What to produce.
Please restate word for word each line from the one containing "プレミアムパネル with MagSafe［ コスメHOLiC ］" to the last line of the records below, and drop the pictures.

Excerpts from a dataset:
• • • • • • •

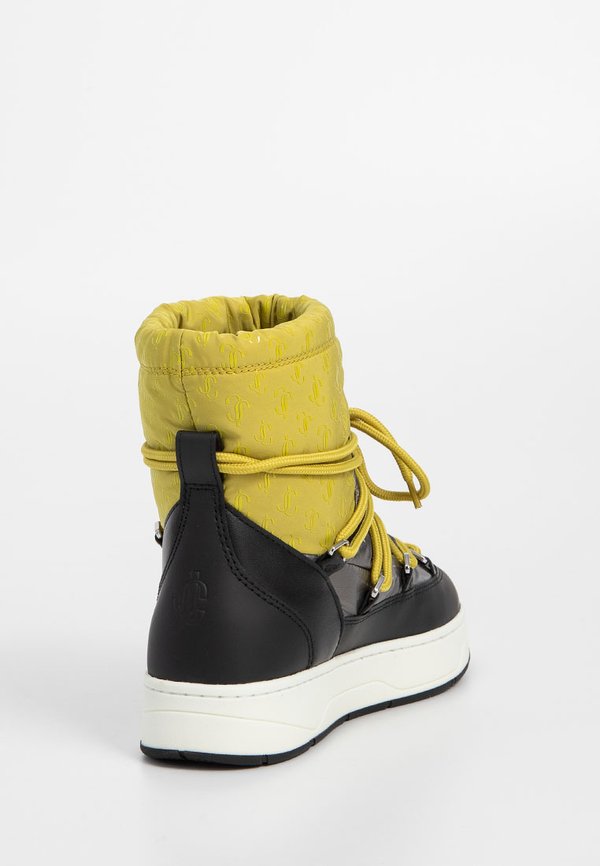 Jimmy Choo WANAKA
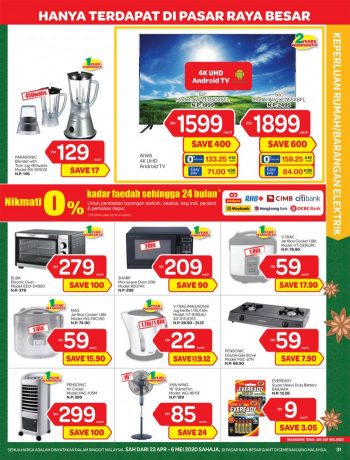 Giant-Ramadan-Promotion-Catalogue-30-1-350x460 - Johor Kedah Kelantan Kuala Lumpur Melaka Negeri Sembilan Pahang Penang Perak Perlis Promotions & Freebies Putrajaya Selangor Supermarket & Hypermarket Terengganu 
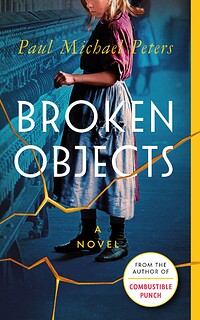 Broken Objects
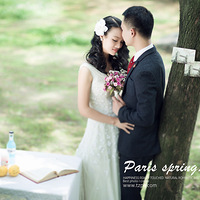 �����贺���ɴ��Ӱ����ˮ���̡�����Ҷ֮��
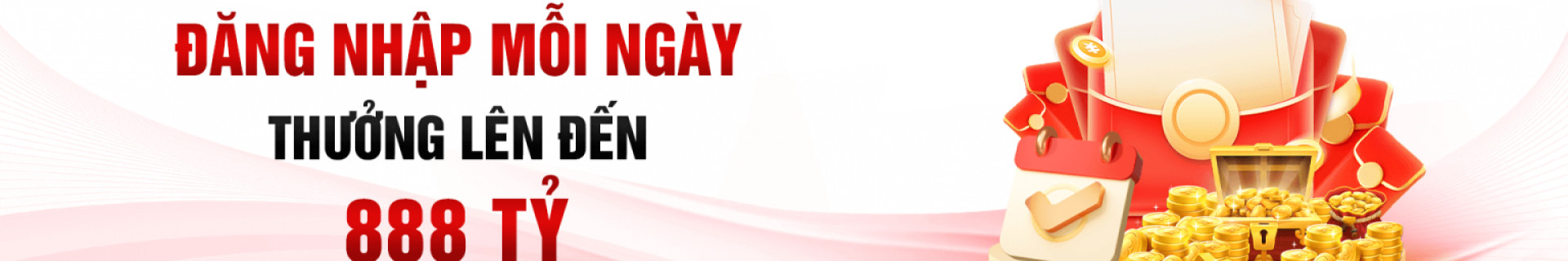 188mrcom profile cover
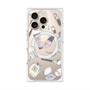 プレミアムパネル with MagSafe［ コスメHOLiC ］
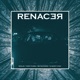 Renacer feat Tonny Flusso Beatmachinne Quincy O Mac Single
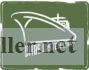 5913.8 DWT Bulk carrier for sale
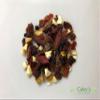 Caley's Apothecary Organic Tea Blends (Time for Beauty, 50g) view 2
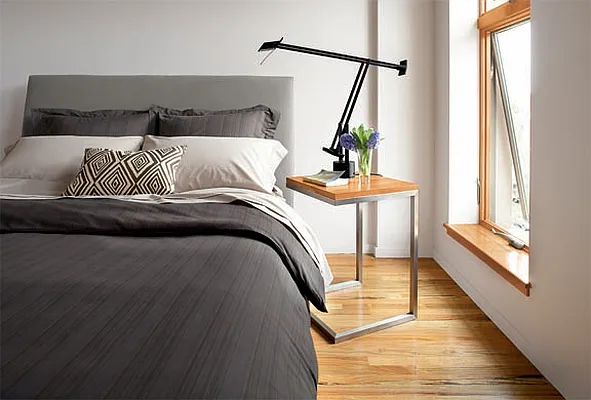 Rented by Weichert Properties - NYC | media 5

• • • • • • •

Result of the task.
 プレミアムパネル with MagSafe［ コスメHOLiC ］
 Renacer feat Tonny Flusso Beatmachinne Quincy O Mac Single
 5913.8 DWT Bulk carrier for sale
 Caley's Apothecary Organic Tea Blends (Time for Beauty, 50g) view 2
 Rented by Weichert Properties - NYC | media 5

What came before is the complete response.